By Mick Holien
You may have heard on the news that Tyler Hilinski, the presumptive starting quarterback for Washington State, was found dead from an apparent self-inflicted gunshot wound earlier this week.
The death of a rising star has not only prompted shock and dismay from teammates and prominent former Cougar signal callers, but reaction from the NCAA’s chief medical officer and a shocking on-air dissertation from a Spokane television sports anchor.
My friend Keith Osso of KXLY Television told viewers during a segment the night after the death of Hilinski that while he didn’t know the athlete personally other than watching him play and covering an occasional news conference he shared what is perceived as the depression that drove Hilinski to leave behind a suicide note prior to shooting himself.
“The loudest person with the biggest smile (often) is hurting the most,” said Osso, while admitting on the set to his news team that he has suffered from depression for more than a decade.
The sideline reporter for Eastern Washington University football, Osso is a Spokane native who started at KXLY in 2003 and also co-anchored a popular afternoon radio show until last year.
Jovial and popular Osso could usually be seen sporting a wide smile accompanying his upbeat personality.
“You can’t always see the pain in other people,” he said, “but you can always tell them how much they mean to you.”
His on-air explanation drew strong support on several pages of social media.
“Never would have guessed you had the battle and none would think I do as well,” wrote Cory.
“I appreciate you’re your honesty and candor,” added Elizabeth.
Seemingly with some of the best days of his life in front him in taking over the quarterback slot, outwardly Hilinski was in a good place in his life.
As a redshirt sophomore in relief of Luke Falk last season Hilinski passed for 1,176 yards while completing better than 70 percent of his pass attempts
“The missing piece here is why,” Pullman Police Chief Gary Jenkins told ESPN and the Hilinski family in California said they were in “complete shock and disarray” over his death.
Unfortunately depression and suicide in college students is not unusual.

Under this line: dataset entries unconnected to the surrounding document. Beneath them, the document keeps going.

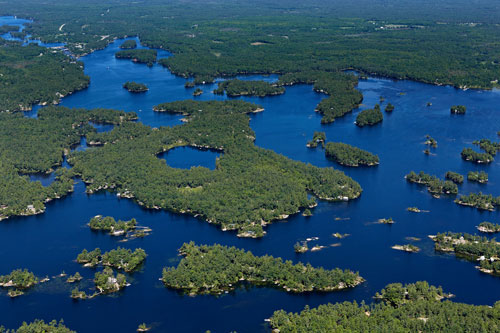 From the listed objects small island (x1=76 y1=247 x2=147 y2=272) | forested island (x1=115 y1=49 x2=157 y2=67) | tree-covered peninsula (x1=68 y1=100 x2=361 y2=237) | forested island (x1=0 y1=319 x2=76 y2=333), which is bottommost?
forested island (x1=0 y1=319 x2=76 y2=333)

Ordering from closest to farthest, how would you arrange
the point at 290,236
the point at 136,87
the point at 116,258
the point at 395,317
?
the point at 395,317, the point at 116,258, the point at 290,236, the point at 136,87

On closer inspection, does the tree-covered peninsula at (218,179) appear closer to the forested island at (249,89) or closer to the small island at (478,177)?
the small island at (478,177)

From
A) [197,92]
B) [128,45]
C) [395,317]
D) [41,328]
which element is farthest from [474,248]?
[128,45]

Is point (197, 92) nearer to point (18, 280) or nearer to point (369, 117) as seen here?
point (369, 117)

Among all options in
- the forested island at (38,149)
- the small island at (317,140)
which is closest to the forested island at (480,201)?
the small island at (317,140)

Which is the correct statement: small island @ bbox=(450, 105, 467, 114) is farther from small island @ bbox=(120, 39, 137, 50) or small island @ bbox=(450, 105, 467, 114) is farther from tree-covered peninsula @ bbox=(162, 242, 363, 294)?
small island @ bbox=(120, 39, 137, 50)

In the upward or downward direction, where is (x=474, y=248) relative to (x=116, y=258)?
upward

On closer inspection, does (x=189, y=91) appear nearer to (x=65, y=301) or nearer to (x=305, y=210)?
(x=305, y=210)

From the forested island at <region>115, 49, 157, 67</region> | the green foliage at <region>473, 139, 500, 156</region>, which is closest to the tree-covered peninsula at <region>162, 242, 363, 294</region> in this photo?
the green foliage at <region>473, 139, 500, 156</region> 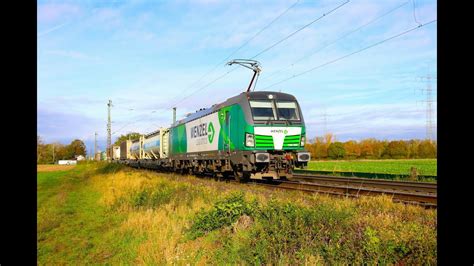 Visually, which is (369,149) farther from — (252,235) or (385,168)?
(252,235)

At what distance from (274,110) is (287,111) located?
59 cm

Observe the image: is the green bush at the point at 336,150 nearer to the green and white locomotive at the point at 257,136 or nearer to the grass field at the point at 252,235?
the green and white locomotive at the point at 257,136

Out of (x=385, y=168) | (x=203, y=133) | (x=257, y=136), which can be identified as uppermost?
(x=203, y=133)

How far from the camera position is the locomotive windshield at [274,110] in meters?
15.8

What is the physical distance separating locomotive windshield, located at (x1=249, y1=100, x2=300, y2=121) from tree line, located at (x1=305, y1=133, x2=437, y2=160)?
49.2m

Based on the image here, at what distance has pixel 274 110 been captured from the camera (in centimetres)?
1612

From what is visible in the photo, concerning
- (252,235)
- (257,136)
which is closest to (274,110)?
(257,136)

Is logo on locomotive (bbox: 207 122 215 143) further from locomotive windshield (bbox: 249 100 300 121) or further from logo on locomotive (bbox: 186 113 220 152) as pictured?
locomotive windshield (bbox: 249 100 300 121)

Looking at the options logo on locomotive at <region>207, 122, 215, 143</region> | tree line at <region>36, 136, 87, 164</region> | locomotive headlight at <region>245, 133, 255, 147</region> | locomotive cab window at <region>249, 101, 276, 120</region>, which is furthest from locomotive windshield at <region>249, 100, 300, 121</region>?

National Data on Campus Suicide and Depression, obtained by the sports magazine, said one of every dozen college students make a suicide plan and 7.5 per 100,000 carry it out.
Former Cougar quarterback Ryan Leaf of Great Falls, who certainly has battled his share of addiction and depression after being the No 2 pick in the 1998 NFL draft.
Clean now for a few years, he told the New York Post at this stage of his life he is focused on helping others with similar struggles.
“Every human life is precious,” wishing he had been able to look into Hilinsky’s eyes and say “Tyler I’m just like you and I have been there and there is hope, then hugged him and never let him go.”
In the Daily Caller, another former Cougar QB, Drew Bledsoe, had an even more personal message since Hilinski mentored his son.
“As men we have to learn to TALK about how we are feeling,” said Bledsoe.
“Reaching out for help when we need it is not a sign of weakness,” he said “Asking for help is the ultimate sign of STRENGTH.”
Hilinski’s death not only has increased the public’s perception of the deep problem of depression but brought publicity of available resources.
A 2016 story in the Bismark Tribune said the prevalence of suicidal behavior has made Montana one of the worst suicide states for generations.
But help is readily available and just a phone call away
The Montana Warm Line is a non-crisis line for anyone who just wants to talk to a peer about their problems.
The number is 877-688-3377 and while not a crisis line can be quickly linked in such a situation.
The nationwide 24/7 Lifetime Chat line also is available by calling 1-800-273-8255.